Con riguardo agli altri profili sostanziali dello schema di regolamento in esame il Collegio rileva altresì quanto segue:

a) circa il parere della COVIP non può sottacersi, che mentre l’Amministrazione si è più volte conformata alle osservazioni e ai suggerimenti espressi dalla Commissione, nel caso presente non ha ritenuto di adeguarsi alle osservazioni esposte nella richiamata nota del 28 maggio 2015; tali osservazioni ad avviso del Collegio, assumono particolare rilievo essendo riferite a disposizioni per così dire "sensibili" del testo in rapporto ai conclamati obiettivi di gestione prudenziali e di riduzione dei rischi, e sono per ciò stesso ritenuti dalla Sezione pienamente condivisibili (vedi ad es. le argomentazioni svolte con riferimento all’art. 9, comma 1, dello schema in materia di limiti agli investimenti di strumenti finanziari negoziati al di fuori dei mercati regolamentati e agli investimenti immobiliari);

b) da ultimo la Sezione non può non sottolineare che destano perplessità le previsioni contenute nell’articolo 8, comma 4 (investimenti e operazioni consentititi) e nell’articolo 9, commi 3 e 8 (limiti agli investimenti). La prima disposizione ora richiamata, nel momento in cui tende a fissare limiti e garanzie rispetto alla esposizione a rischio finanziario consente tuttavia l’utilizzo dei cosiddetti "derivati", che appare ex se (tenuto conto anche delle drammatiche esperienze che hanno segnato l’economia internazionale negli ultimi anni) un investimento ad alto rischio; pertanto, proprio in ossequio alla politica di gestione prudenziale che ispira l’intero impianto del regolamento in esame, ad avviso del Collegio sarebbe risultato assai più congruo stabilire anziché limiti agli investimenti l’esclusione tout-court dell’uso dei derivati. Allo stesso modo per l’articolo 9, che individua i limiti agli investimenti; valgono le medesime osservazioni, sia con riferimento al comma 3, che è finalizzato a contenere i rischi derivanti dall’esposizione verso singoli strumenti finanziari, compresi quelli derivati, - emessi da uno stesso soggetto o da appartenenti allo stesso gruppo, sia con riferimento in special modo al comma 8, il quale, pur introducendo il limite del 5 per cento delle disponibilità complessive, consente a sua volta di investire in strumenti finanziari collegati alle merci, fatta eccezione per i derivati. Anche tale ultima previsione sembra contrastare , ad avviso della Sezione, con i principi ispiratori dell’iniziativa laddove si osservi che l’investimento sulle merci ha rappresentato costantemente e costituisce tuttora un sistema di speculazione finanziaria ad alto rischio considerate le continue oscillazioni dei prezzi conseguenti alle vicende più disparate ed imprevedibili, cui le merci sono di regola sottoposte nei mercati nazionali e internazionali.

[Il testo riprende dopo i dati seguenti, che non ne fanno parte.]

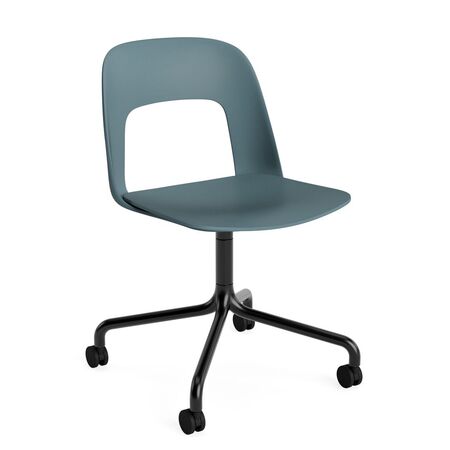 HAY Living Bürostuhl Layout 161 von Hay Ocean, Schwarz pulverbeschichtet Aluminium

In relazione a quanto precede, la Sezione ritiene pertanto necessario ai fini dell’espressione del prescritto parere invitare il Ministero dell’Economia e delle Finanze:

1) ad acquisire e trasmettere il parere dell’Autorità di vigilanza sui contratti (ANAC) in ordine alla questione relativa all’applicabilità o meno delle disposizioni del codice degli appalti (decreto legislativo n. 163/2006) alle procedure di selezione dei gestori e dei depositari nell’ambito della gestione indiretta delle risorse finanziarie degli enti previdenziali di che trattasi;

2) ad esporre le ragioni per le quali l’Amministrazione ha ritenuto nel caso in esame di non aderire alle osservazioni e ai suggerimenti formulati dalla COVIP nel parere inviato con nota prot. n. 4010 del 28 maggio 2015, richiamato in premessa;

3) a segnalare se, in relazione alle osservazioni formulate alla lettera b) che precede, ritiene opportuno o meno riesaminare le previsioni ivi richiamate, dando atto in sede di adempimento delle soluzioni adottate.

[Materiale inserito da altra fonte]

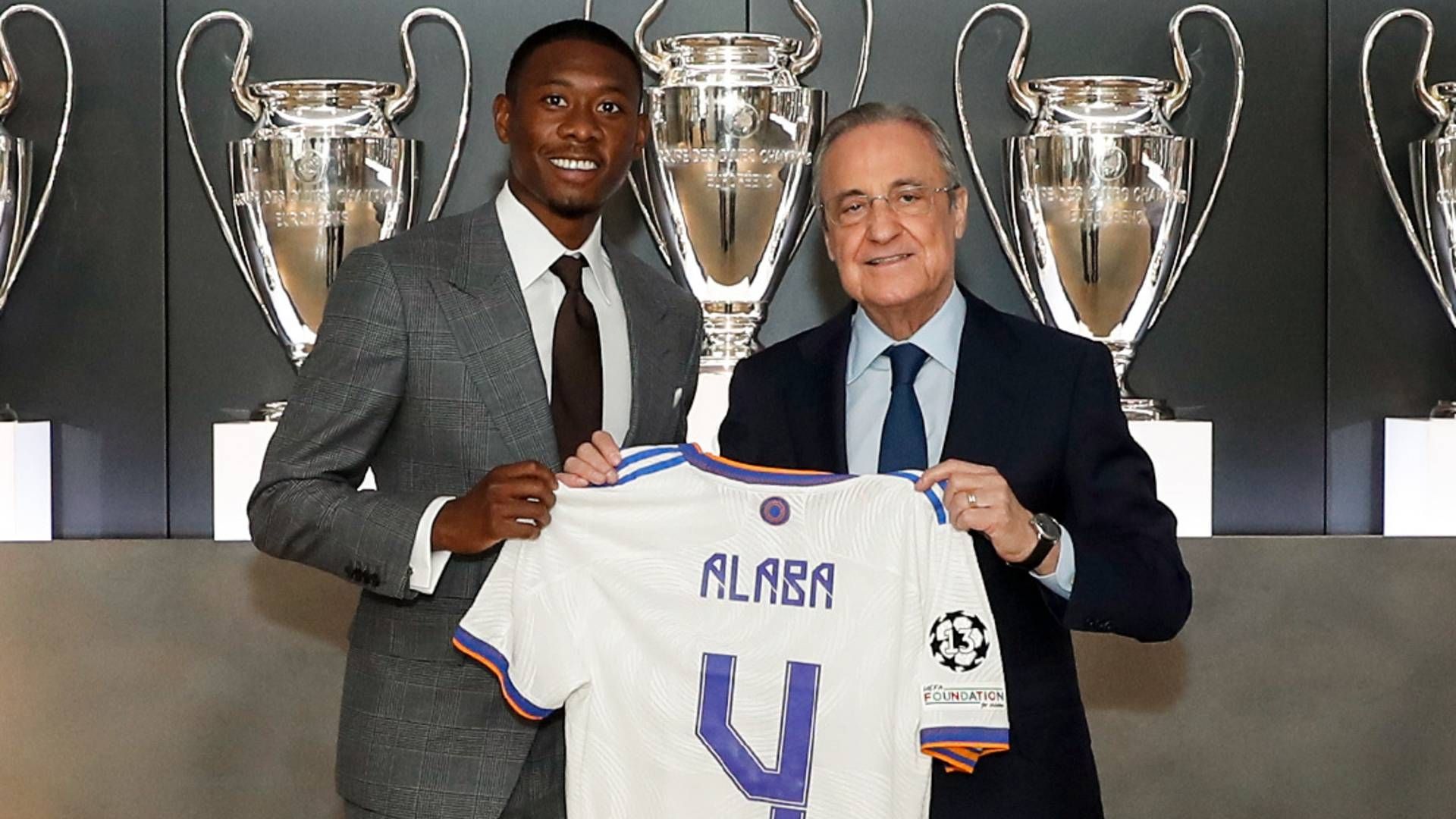 David Alaba Florentino Perez Trikot Vorstellung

Con l’occasione invita, altresì, l’Amministrazione a trasmettere, unitamente agli elementi sopra indicati, copia del parere a suo tempo reso dall’Avvocatura generale dello Stato.

 

P.Q.M.

 

Sospende ogni pronuncia sullo schema di regolamento in esame in attesa che il Ministero dell’Economia e delle Finanze provveda agli incombenti di cui in motivazione.